Pero todo esto es un tema tabú para la izquierda. Así, los mismos que
irrumpen en la capilla de una universidad pública, descamisados,
batalladores, con el puño en alto, demonizan luego a los que con alguna
razón señalan que no es normal que en los colegios haya banderas
esteladas ni se haga interpretaciones interesadas del procés o se señale
a los hijos de guardias civiles. O que se estudie esa historia
desquiciada que va de la “Corona Catalanoaragonesa” a los “Països
Catalans de la Unión Europea”. Y los mismos que retiran del Parlament la
bandera de España (ese símbolo del periodo más libre, más próspero y
más democrático que ha conocido nuestro país) ondean sin sonrojo la
estelada que niega sus derechos de ciudadanía a más de la mitad de los
catalanes. En este punto es preciso señalar que, aunque quizá no nos
gusten las banderas, no todas las banderas son iguales. Y la bandera
constitucional, la que representa la ciudadanía común, nuestra carta de
derechos y deberes, nuestro espacio de libertades compartidas, no puede
equipararse a la bandera de la exclusión y la fractura social.
Hay una izquierda que se pasa la vida hablando del carácter
irreformable de España, una España en la que, en cuatro décadas de
democracia, ha gobernado la mitad del tiempo la izquierda y la otra
mitad la derecha. Nada tiene que decir de que la derecha haya gobernado
Cataluña durante 32 de los últimos 40 años, ni de que exista una
fractura socioeconómica evidente por razón de origen y lengua materna.

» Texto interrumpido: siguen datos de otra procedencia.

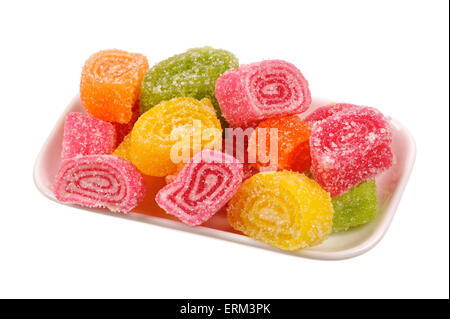 Set di frutta candita jelly su una piastra isolata Foto Stock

No es casualidad que sean las clases medias y bajas, las que hablan
mayoritariamente castellano, las que prefieran continuar en España;
mientras que las rentas medias-altas y altas, que tienen como lengua
materna el catalán, apuestan por la independencia. Que los 25 apellidos
mayoritarios en Cataluña sean castellanos, pero no pueda encontrarse
ninguno entre las élites. Hay una segregación social por razón de origen
de la que la izquierda no quiere hablar. La misma izquierda que brama, y
brama bien, si asoma un crucifijo sobre la pizarra de una escuela
pública es hoy una madeja de complejos que le impiden ser crítica con el
nacionalismo y sus muy escrutables caminos.